One of her daughters urged Mary to tell her story "so people today can better understand the sacrifices made then."
Blumetti is one of about 10 area World War II veterans and family members whom PBS 45&49 videotaped Thursday talking about their wartime experiences.
PBS 45&49 plans to broadcast parts of some of the snippets to bring a local flavor to the showing of Ken Burns' 14-hour WWII documentary, "The War," over two weeks beginning at 8 p.m. Sept. 23. The local interviews also will be archived in the Library of Congress as part of the Veterans History Project.

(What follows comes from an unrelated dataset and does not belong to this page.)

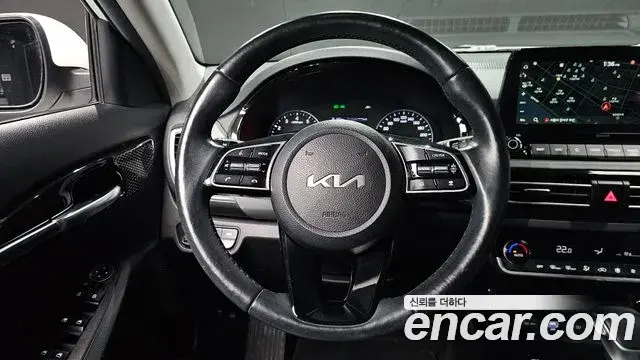 Kia Seltos 2021 — Фото 13/20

"The War" tells the story of World War II through the personal accounts of nearly 50 men and women from four representative American towns and cities Mobile, Ala.; Sacramento, Calif.; Waterbury, Conn.; and Luverne, Minn.
Remembering Normandy
Another local veteran interviewed was Donald R. Kirk, 88, of Canfield, also a member of the 82nd Airborne in a paratroop artillery unit that participated in the invasion at Normandy.
Kirk said because of a snafu made by a panicked jump master, his unit jumped 8 miles off the jump zone.
"It took us eight days to get back to American lines," he said.
Kirk saw combat in Africa, Italy and France and the Battle of the Bulge, fought from Dec. 16, 1944, to Jan. 25, 1945, in which 19,000 American military personnel were killed.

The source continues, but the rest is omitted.